By contrast, Trump's speeches have until now come off as hectoring, bleak, bullying, like the barked orders of an angry drill sergeant. But not on Tuesday night. Trump talked slowly, demonstrated restraint, stuck closely to the prepared remarks, and remained in control of his delivery — all of which allowed the audience to focus on the message, which for the first time in a Trump speech effectively — and, for the most part, convincingly — mixed harsh descriptions of the nation's problems with hope for a better American future.
For the very first time, Trump managed to be presidential.
That could be a big problem for Democrats. Ever since inauguration day, Trump's behavior has been so erratic and the actions of his administration so unprofessional, incompetent, and even quasi-authoritarian that his opponents have been able to portray his unorthodox policy agenda (combining multiple items on the right-wing Republican wish list with purely nationalist proposals) as seamlessly connected — and perhaps even the advent of autocracy in America.
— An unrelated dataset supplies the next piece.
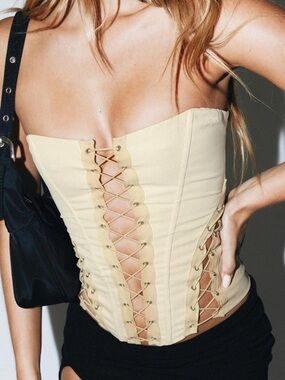 Princess Polly Eden Lace Up Corset Cream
But a strange thing happened on Tuesday night. Democrats and other media critics responded to the speech on Twitter with the usual stream of snark and foreboding — except this time, for the first time, there was a palpable disconnect between the claims of the critics and the subject of their criticism. Trump was no longer the would-be tyrant shredding America's hard-won, cherished democratic norms. He was a president pushing an admittedly unusual and in many ways extreme policy agenda, but doing so while playing by the rules.
The mantra of the past four months — "This is not normal" — finally got reversed. Trump delivered a remarkably normal speech. That in itself is not normal. Democrats better hope it stays that way.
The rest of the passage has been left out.